KUNM

Gov. Approves Additions To Indian Education Law

Feb 4, 2019

New Mexico’s Indian Education Act just got an update. A bill signed by Governor Michelle Lujan Grisham on Monday spells out how school districts must study the needs of their Native American students and come up with systematic ways to address them.

The new measure requires school districts with Native American students to develop frameworks and budget priorities to help those students succeed.

Though the Indian Education Act has been around for 15 years, Dr.
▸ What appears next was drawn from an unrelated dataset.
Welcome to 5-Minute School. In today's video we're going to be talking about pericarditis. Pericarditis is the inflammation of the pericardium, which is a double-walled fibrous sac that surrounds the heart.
Tiffany Lee, Professor and Chair of the UNM Native American Studies Department, said many school districts aren’t very familiar with it.

“This, I think, will help those school districts with ideas around: how do you create culturally relevant activities, how do you create important services to students that they could use some more assistance with?" said Lee, who is Navajo and Lakota. "So, I do think this makes it more concrete and easier perhaps for school districts to wrap their minds around how to implement the act in an appropriate and effective way.”

Of the 23 districts and several charter schools with significant Native American student populations, just 14 submitted the required tribal education report to the NM Public Education Department last year.

The update also requires those districts and charters hold at least two public meetings a year to update tribal leaders, parents and PED on their progress. 

The bill, sponsored by Rep. Derrick Lente (D-Sandia Pueblo), did not come with an appropriation, so the Legislative Finance Committee noted that any costs from implementing it will be "borne by schools, tribes, other community stakeholders, and PED."

"To really create the kind of systemic change that the bill is calling for, schools really are going to need resources," said Lee. "But I feel like we are in a place now, in the state of New Mexico, to support this kind of work."

Lente's bill was part of Lujan Grisham's "rocket docket" of 42 bills signed Monday. Previously, it passed through the legislature in 2017 and 2018, and was vetoed both times by former Governor Susana Martinez.